Each record should be copied exactly into the answer, and no picture should go with it.

^^^^^^^^^^^^^^^^

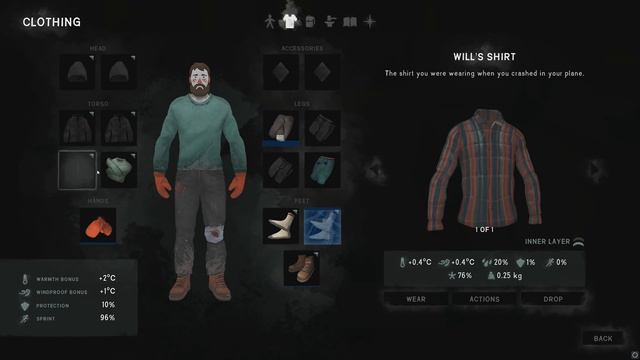 KIRIK - THE LONG DARK смотреть онлайн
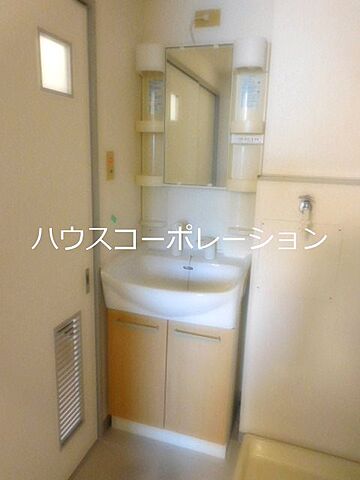 洗面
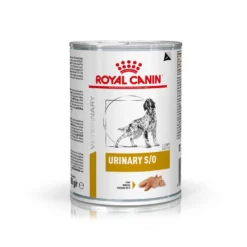 Royal Canin Veterinary Urinary S/O - aliment chien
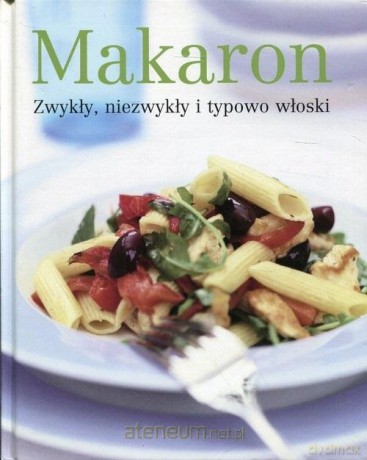 Makaron [KSIĄŻKA]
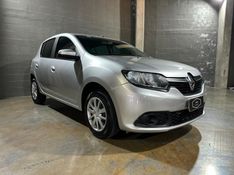 Renault SANDERO 1.6 EXPRESSION 8V FLEX 4P MANUAL 2015/2015 CARRO AUTOMARCAS CAXIAS DO SUL / Carros no Vale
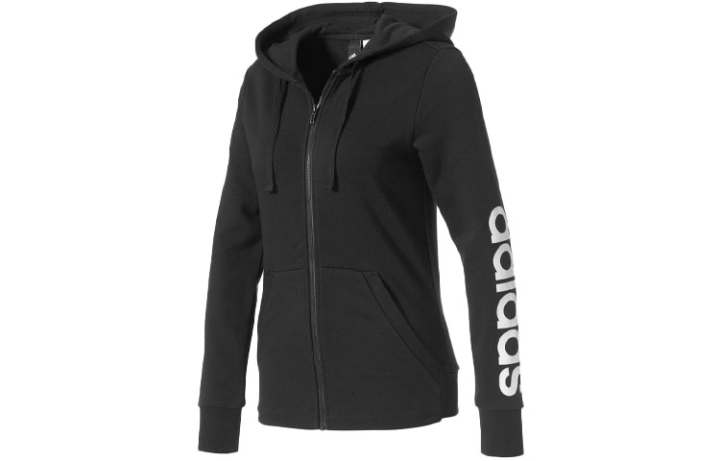 Adidas Adidas Essential Linear full-zip hoodie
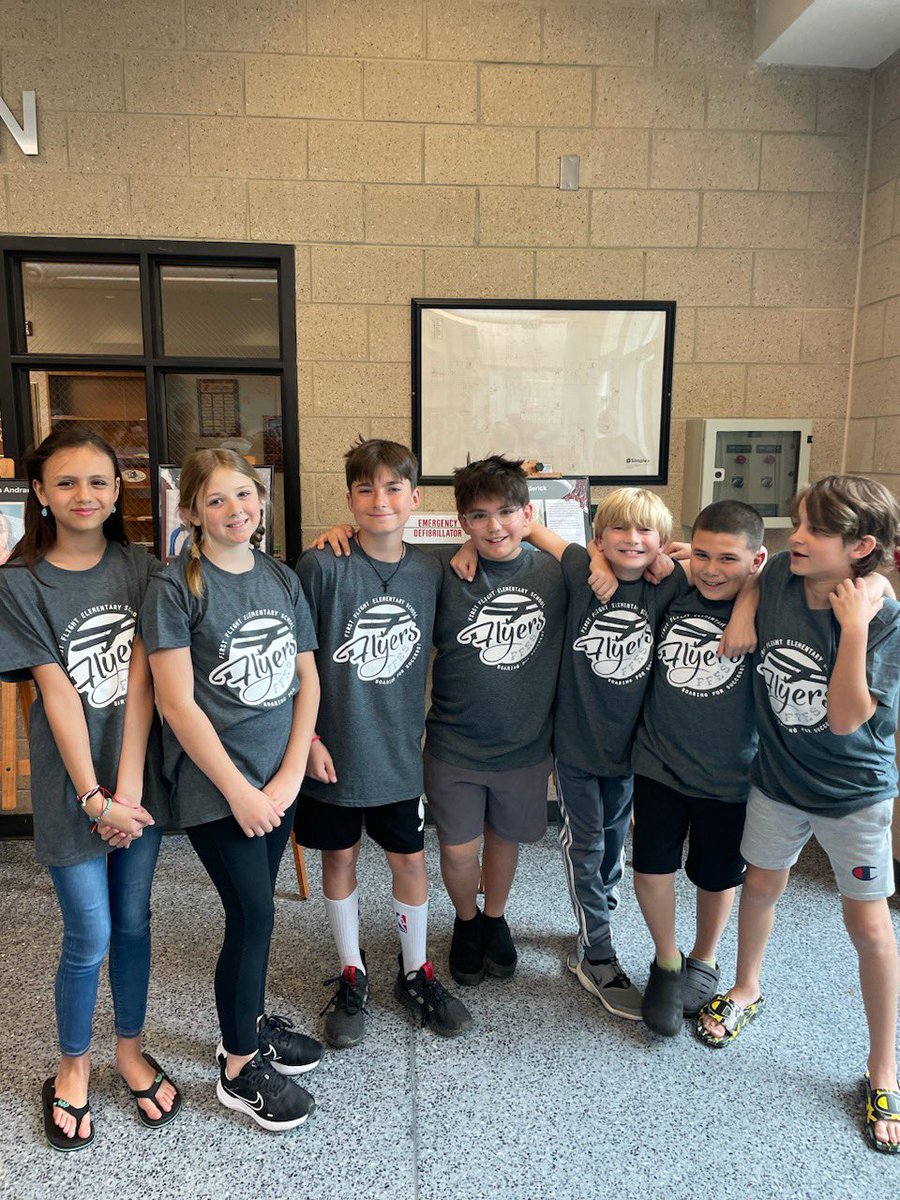 Westcorinne1's tweet photo. We had so much fun at OM State Competition. Our coaches, parents plus are students rocked it this year. Until next year Om. #firstflightelementary #ffesrocks2023 #odysseyofthemind #ncom2023 https://t.co/mL33kGRwNt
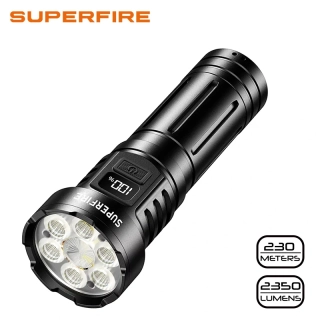 SuperFire L24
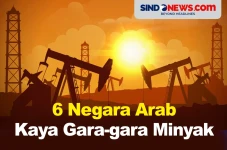 6 Negara Arab yang Kaya...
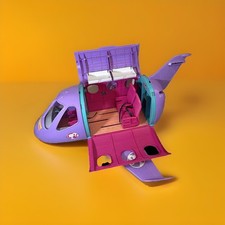 Barbie Dreamplane Transforming Playset Pink Jet — listing 5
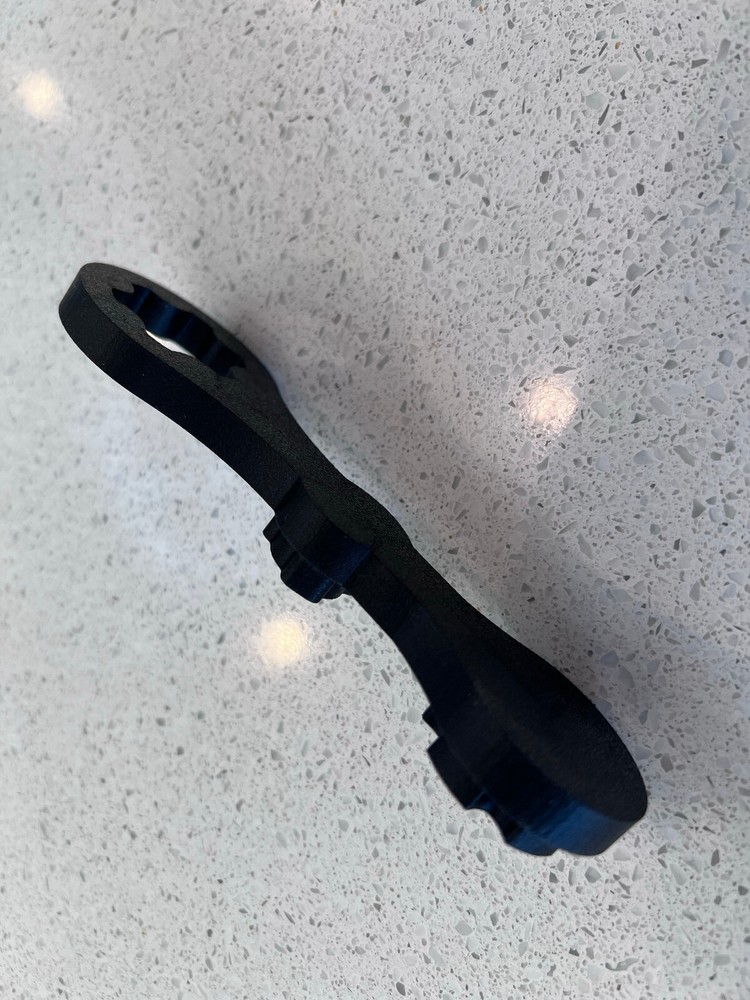 Rugged Obsidian 3 function Multi tool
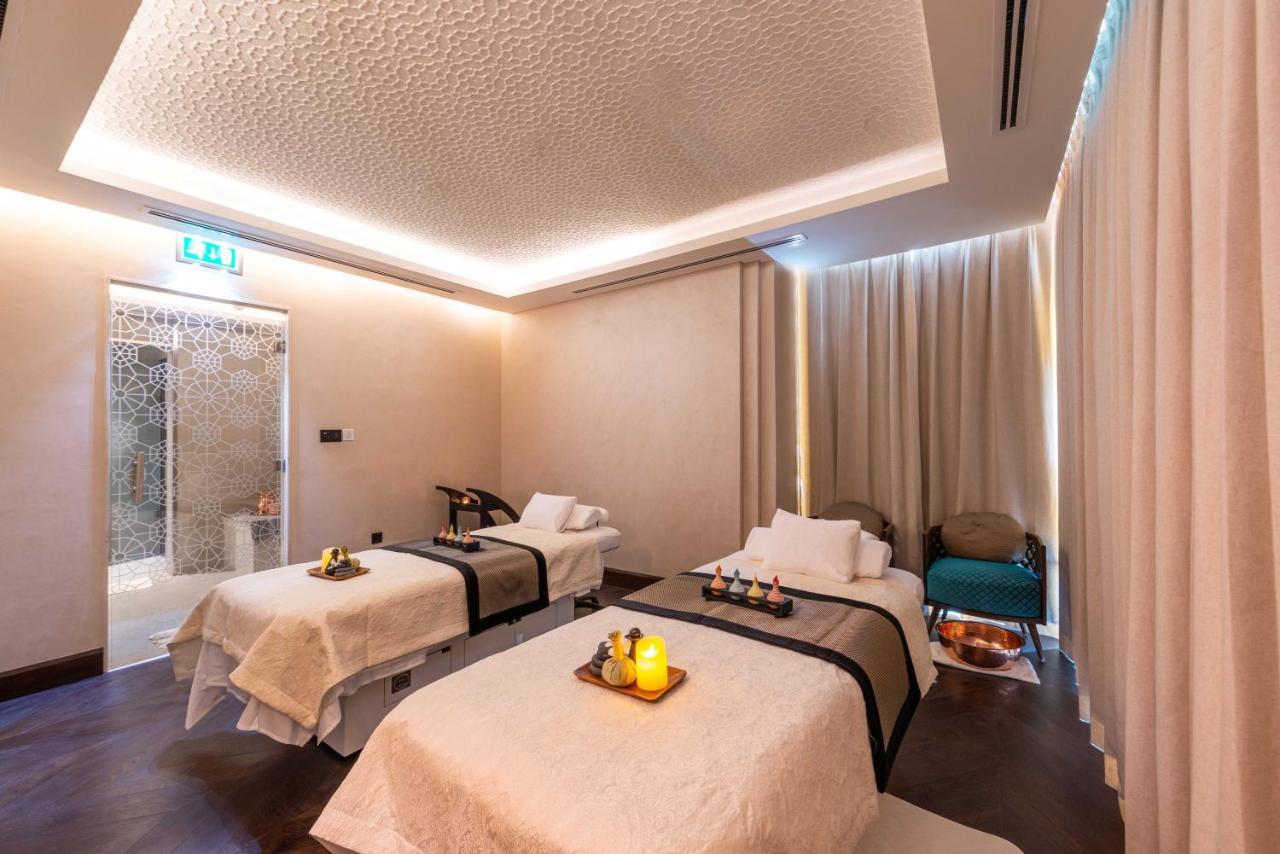 Shaza Doha Hotel ภายนอก รูปภาพ The spa at The Address Downtown Dubai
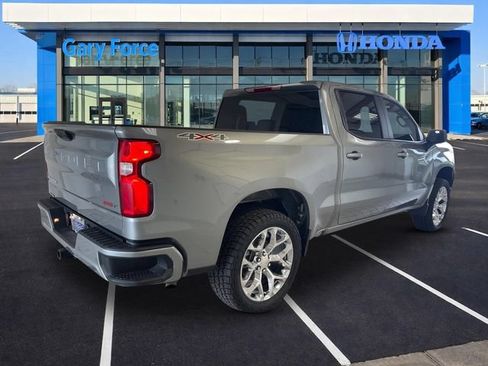 Used 2026 Chevrolet Silverado 1500 RST AWD/4WD image 2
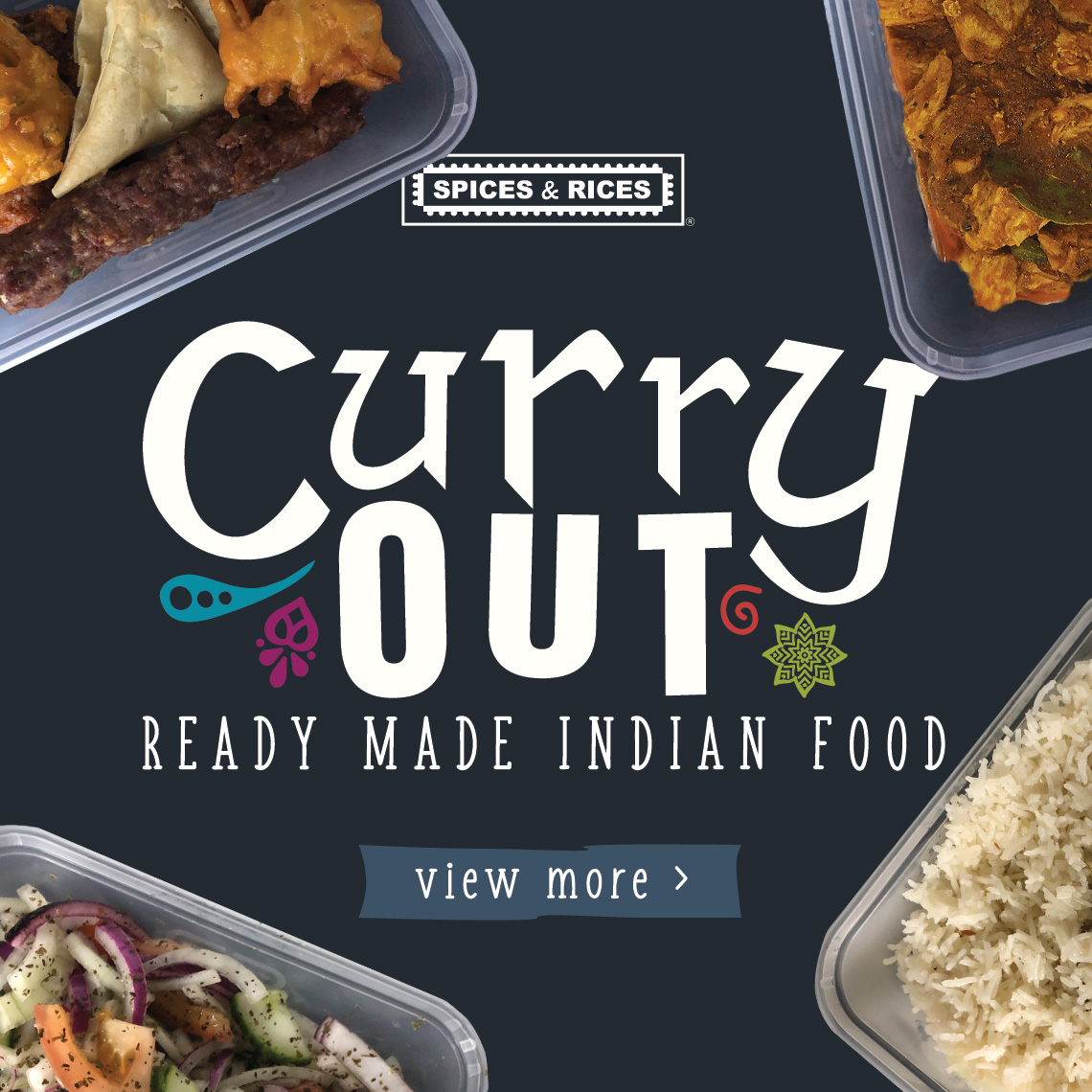 Authentic Indian Ready Meals Ready Made Indian Food Yorkshire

^^^^^^^^^^^^^^^^

_Completed task_
 KIRIK - THE LONG DARK смотреть онлайн
 洗面
 Royal Canin Veterinary Urinary S/O - aliment chien
 Makaron [KSIĄŻKA]
 Renault SANDERO 1.6 EXPRESSION 8V FLEX 4P MANUAL 2015/2015 CARRO AUTOMARCAS CAXIAS DO SUL / Carros no Vale
 Adidas Adidas Essential Linear full-zip hoodie
 Westcorinne1's tweet photo. We had so much fun at OM State Competition. Our coaches, parents plus are students rocked it this year. Until next year Om. #firstflightelementary #ffesrocks2023 #odysseyofthemind #ncom2023 https://t.co/mL33kGRwNt
 SuperFire L24
 6 Negara Arab yang Kaya...
 Barbie Dreamplane Transforming Playset Pink Jet — listing 5
 Rugged Obsidian 3 function Multi tool
 Shaza Doha Hotel ภายนอก รูปภาพ The spa at The Address Downtown Dubai
 Used 2026 Chevrolet Silverado 1500 RST AWD/4WD image 2
 Authentic Indian Ready Meals Ready Made Indian Food Yorkshire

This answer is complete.